7th Sunday after Easter
Scripture: Acts 1:9-11

It is important that we have a firsthand account of Jesus’ ascension. We discover this in Acts 1:9-11. “After He said this, He was taken up before the very eyes of the disciples in a cloud that hid Him from the disciples.” Two men dressed in white stood beside them.

“Men of Galilee, why do you stand here looking into the sky?” they asked. “This same Jesus who has been taken up from you into Heaven will come back in the same way you have seen Him go into the heavens.”

There are two reasons for firsthand accounts of Jesus’ ascension.
  1. It was necessary that there should be an eyewitness.
  2. We know that for someone to be a credible witness in a court of law, he or she should be an eyewitness.
If Christianity were but a think-so-too, it would have died off many years ago.
  1. A real witness is not the witness with words, but with deeds. 
  2. One of the most suggestive facts is that in Greek the word for “witness” and the word for “martyr” come from the same word.
  3. An eyewitness must be loyal no matter what the outcome.
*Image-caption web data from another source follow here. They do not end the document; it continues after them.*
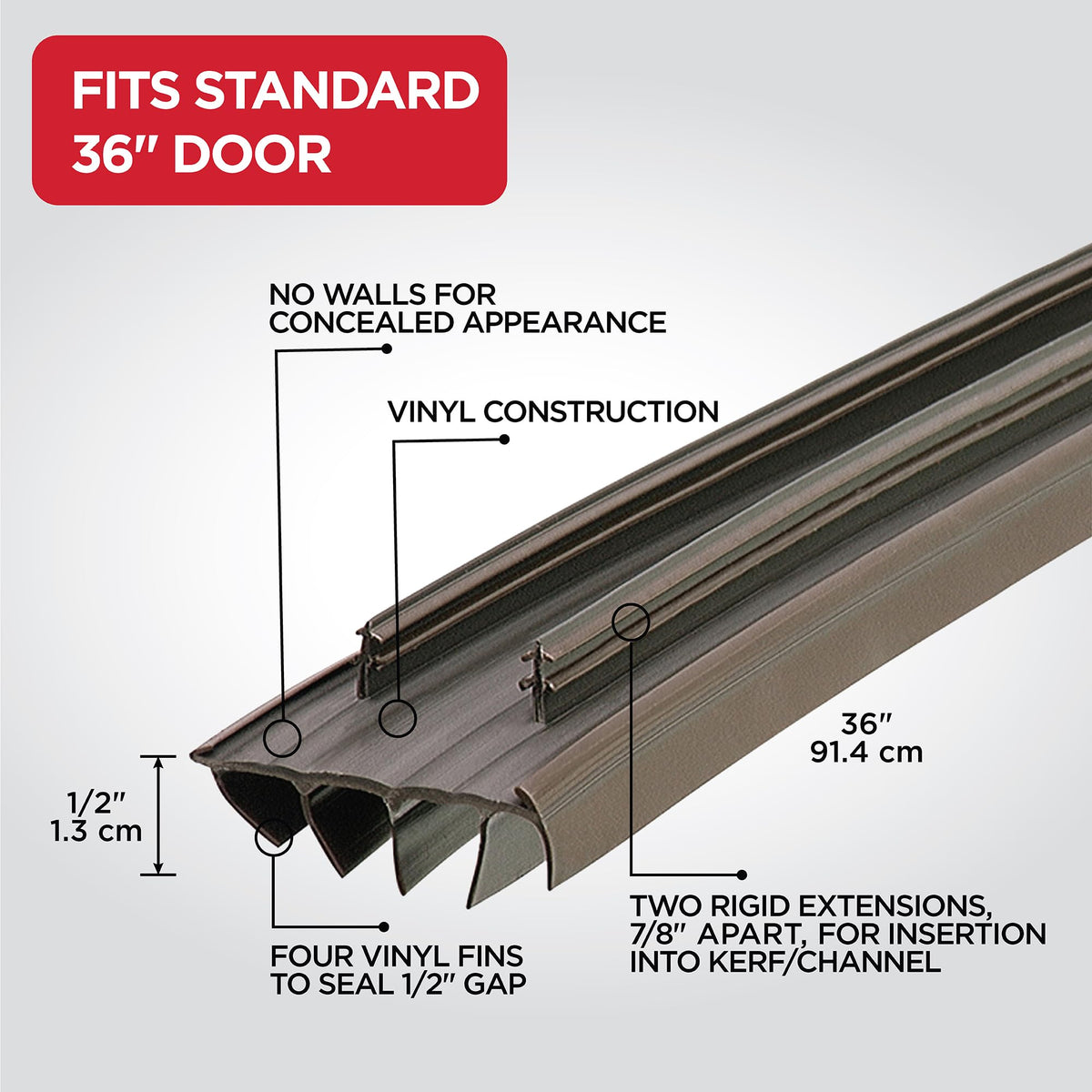 M-D Building Products 67967 35-3/4-Inch Kerf Style Replacement Door Bottom with Vinyl Fins, Brown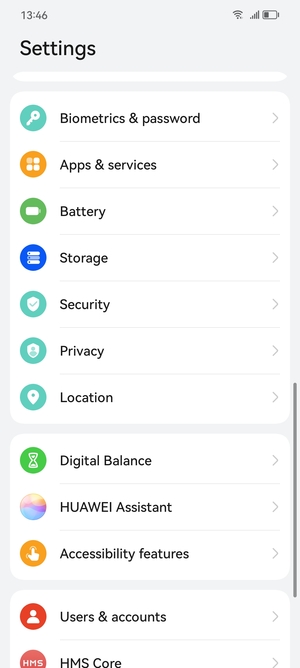 Scroll to and select Security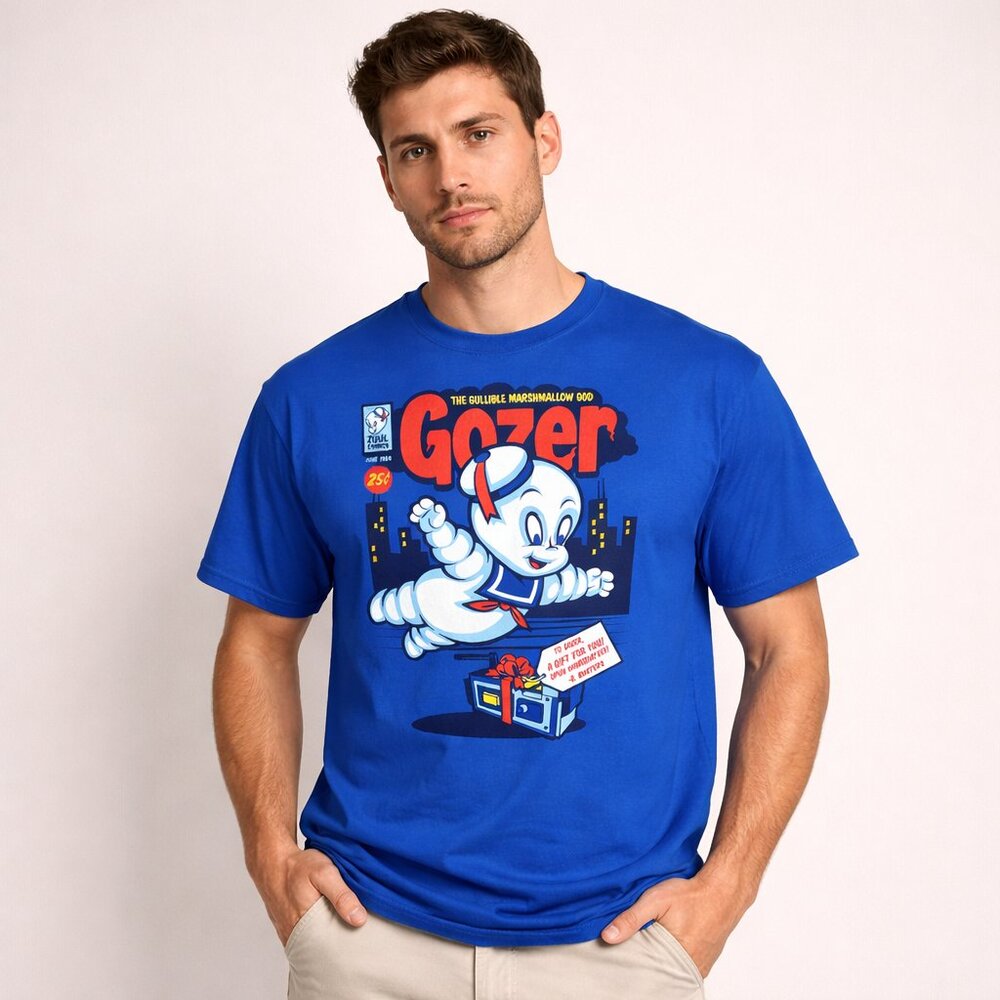 Ghostbusters Gozer Stay Puft Graphic T-Shirt Blue Comic Style Men’s L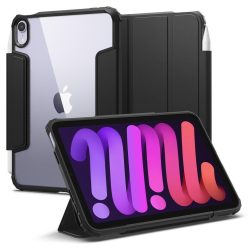   Apple iPad Mini (2021) (8.3), mappa tok, légpárnás sarok, közepesen ütésálló, Apple Pencil tartóval, Smart Case, Spigen Ultra Hybrid Pro, átlátszó/fekete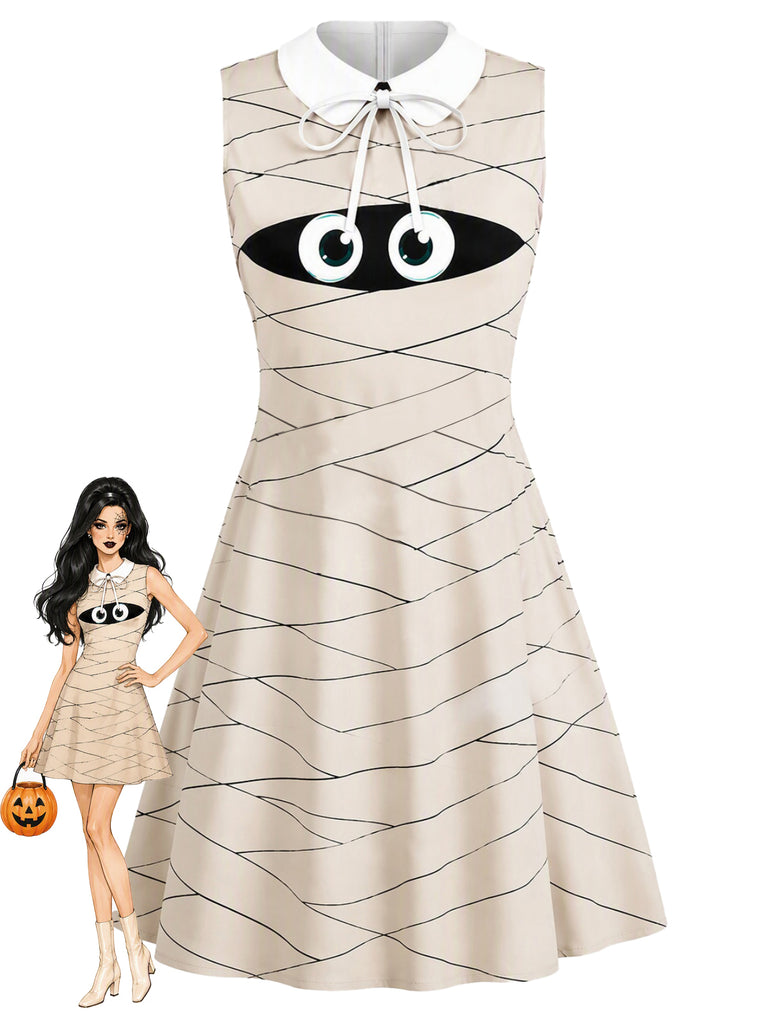 [Pre-Sale] Beige 1960s Halloween Mummy Peter Pan Collar Sleeveless Dress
Thus the disciples did become martyrs.
Jesus spent 40 days after His resurrection from the dead as an eyewitness to the power of God to win the victory over sin and death. Thus, it is absolutely correct to say that we do not regard Heaven as just someplace beyond the sky.  A place of Heaven is a place of blessedness where we will one day and forever be inseparable from God.

If Jesus was to give His followers irreversible proof that He was going to His Heavenly glory, wherein one day His faithful followers will go to be with Him, one day His followers would go with Him.
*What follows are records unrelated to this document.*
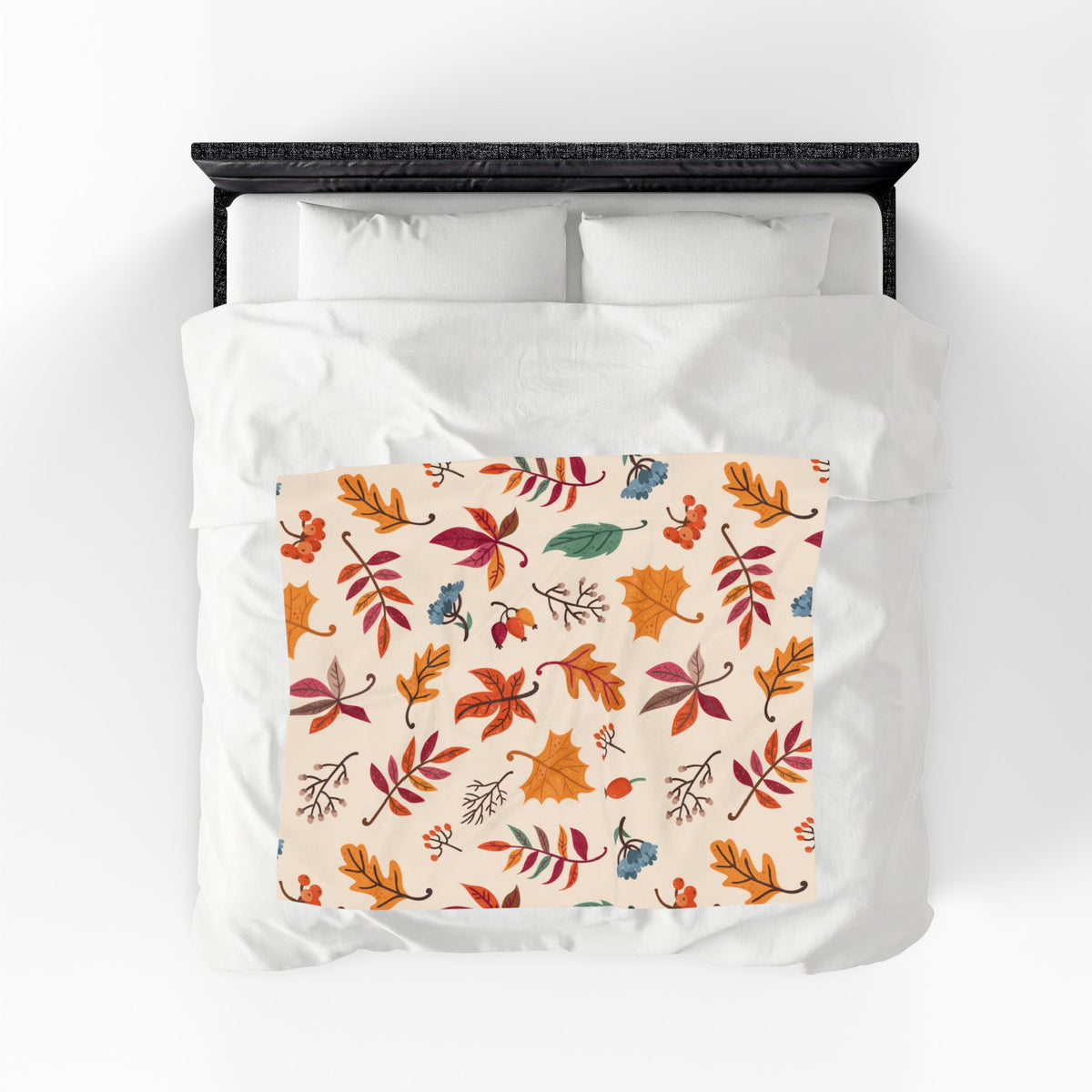 Autumn Leaves Pattern Velveteen Plush Blanket | Fall Leaves Throw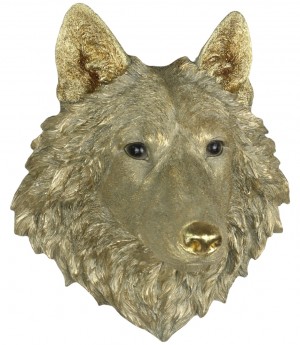 Gold Wolf Head Wall Art 46.5cm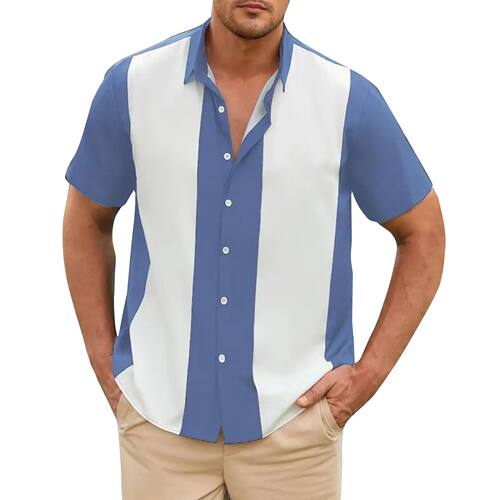 3D digital printed striped lapel shirt3D数码印花条纹翻领衬衫
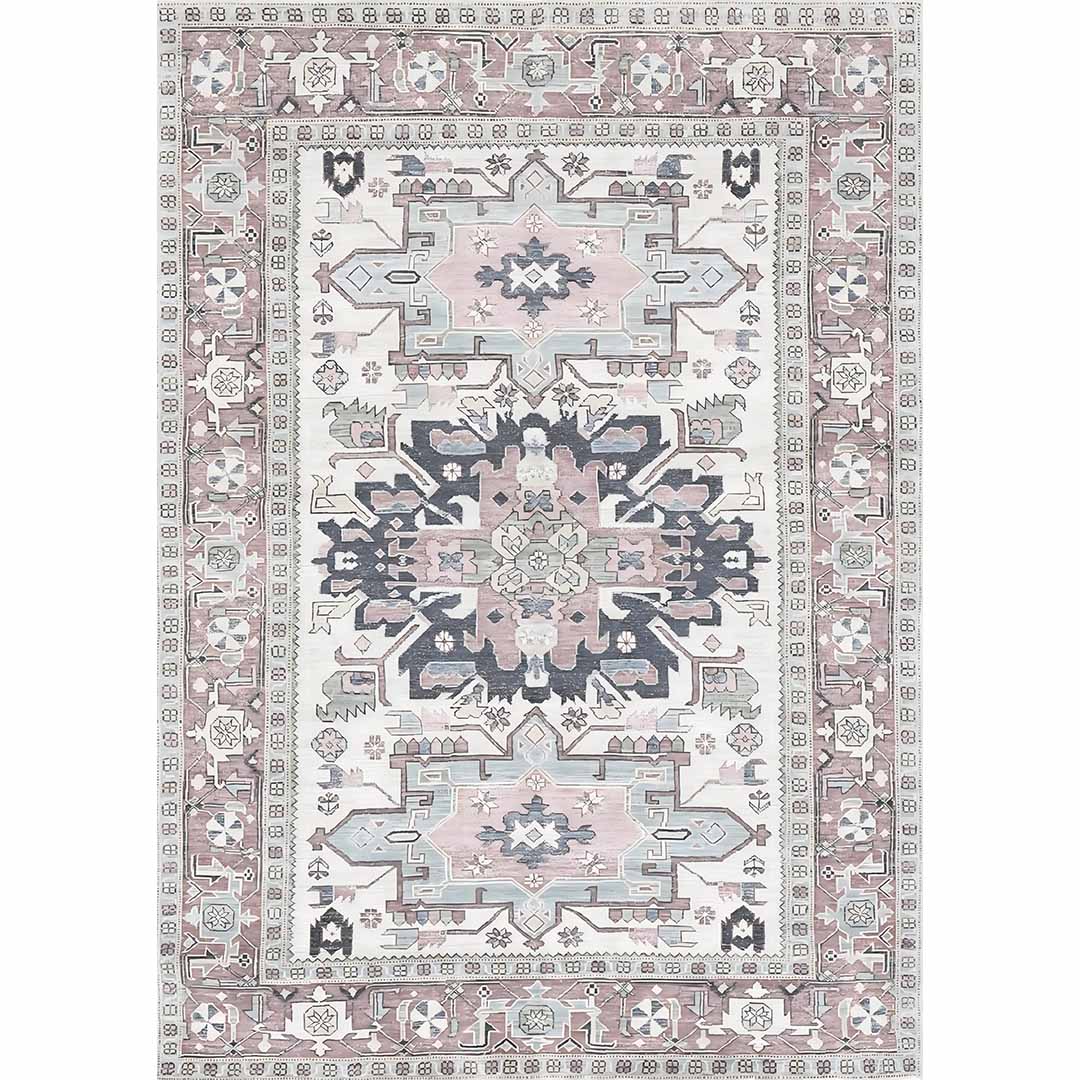 Vintage Teppich Orientalisches Muster Rosa Blau – Klassischer Teppich im Boho-Stil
But we don’t need to worry about when the second coming will transpire.  But it will happen. But it is foolish and useless for us to speculate on how it will happen, for Jesus told us His Father in Heaven has fixed the time and date, and not even Jesus knows the hour or the day.

Jesus’ second coming means that Christianity is not stationary. Rather, it’s going somewhere. God the Father has a plan for each one of us, so history is not a haphazardous conglomeration of events. It also is going somewhere.
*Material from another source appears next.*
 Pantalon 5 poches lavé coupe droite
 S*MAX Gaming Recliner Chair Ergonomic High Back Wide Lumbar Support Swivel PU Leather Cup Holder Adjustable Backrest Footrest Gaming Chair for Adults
God so loved His creation and mankind that when mankind stumbled and fell from grace and glory He sent His beloved Son Jesus, the Christ, to redeem us. Even when mankind murdered Him, God did not forsake His creature, man, but once again gave mankind another chance for the blessed eternal life.

We need to realize, with all that’s going on in our world today, that God is still in control. While Satan seems to be in control at this moment, when the final battle between Satan and God happens, God and His creature man win the battle.

In the meantime, we must forge ahead as the battle rages on, offering our small bits of spiritual energy toward the final goal, aiding the winning of the battle along with and for God. Let us pray!